Il mio intervento in laparotomia: parte 2

La sala operatoria mi è parso un luogo spaventoso, pieno di oggetti per nulla rassicuranti.
Mi hanno fatta scendere dal lettino e salire su quello di metallo freddo che c’era lì, sotto una lampada accecante.
C’erano molte persone che si muovevano intorno a me, e parlavano tra loro. Ma non parlavano con me. Nessuno lo faceva.

Avevo tanto, tantissimo freddo e non riuscivo a mettere a fuoco ciò che accadeva intorno a me.

Ho chiesto subito del mio ginecologo, il Numero 2, e qualcuno mi ha detto che stava arrivando.
Intanto mi hanno messo la flebo e legato il braccio sinistro tipo con una cinghia. Questa cosa mi è parsa davvero inquietante.

Dopo un tempo che mi è parso interminabile, durante il quale ho vanamente cercato di attirare l’attenzione e inutilmente sperato che qualcuno mi dicesse qualcosa di confortante, è arrivato il mio ginecologo.
Il Numero 2 mi ha subito messo davanti agli occhi il foglio per il consenso informato all’intervento e mi ha chiesto di firmarlo. Ricordo che cercavo disperatamente di leggere ma vedevo tutto sfocato e ho anche dovuto firmare con la mano destra (io sono mancina) perché a sinistra c’era la flebo.

Mi veniva da piangere.

Ad un certo punto qualcuno mi ha messo la mascherina dell’ossigeno sulla faccia e mi ha detto di contare. Avrò pronunciato forse l’uno e il due, e poi sono piombata nel sonno più profondo del mondo.

 

Quando ho riaperto gli occhi avevo freddo. Tanto tanto freddo. E tremavo.
E poi avevo un dolore pazzesco alla pancia. Mi sembrava di essere appena passata in un tritacarne.
Non sapevo dov’ero. Non sapevo perché.
Vedevo mia mamma e il bighi ma era tutto confuso, sfumato.
Volevo parlare ma non riuscivo a farlo. Aprivo gli occhi un secondo e poi li richiudevo.
Ad un certo punto ho visto il bighi uscire perché erano arrivati dei suoi parenti e ho pensato “No, non andare, resta qua” ma non ho potuto dire nulla.
Ogni tanto riconoscevo confusamente alcune persone ma io avrei voluto accanto solo i miei familiari, perché stavo troppo male.

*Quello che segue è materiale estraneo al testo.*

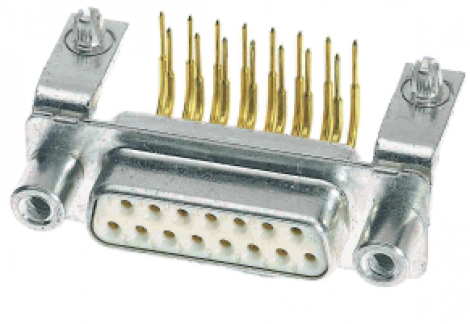 09644147215 | HARTING | DSUB 37 way RA Female 47 BL_SL3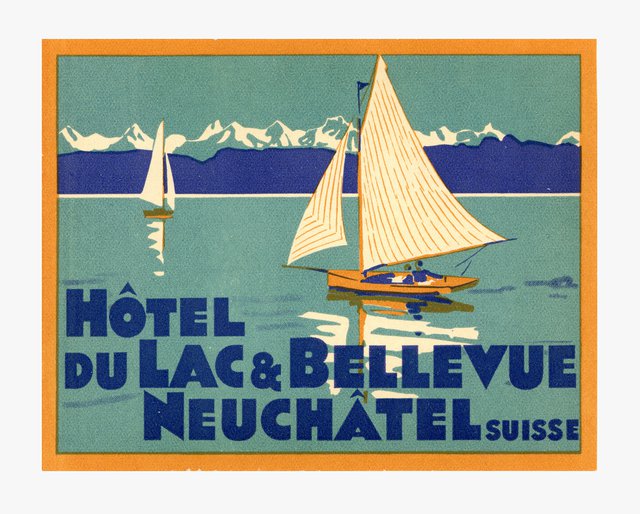 Hôtel du Lac & Bellevue Neuchâtel Suisse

Poi è stato chiaro che avevo la febbre alta. Ho sentito mia mamma che lo diceva a qualcuno. È stata sera, e poi notte, e mia mamma è rimasta sempre accanto a me, a controllare che la flebo scendesse, che non finisse la morfina, che la febbre non salisse.

Ma che bel sogno!

Questa mattina mi sono svegliata di ottimo umore, con il sole che filtrava dalle persiane e la nuova allegrissima suoneria del bighi, perchè ho fatto un sogno bellissimo, che mi ha lasciato una sensazione di serenità e benessere.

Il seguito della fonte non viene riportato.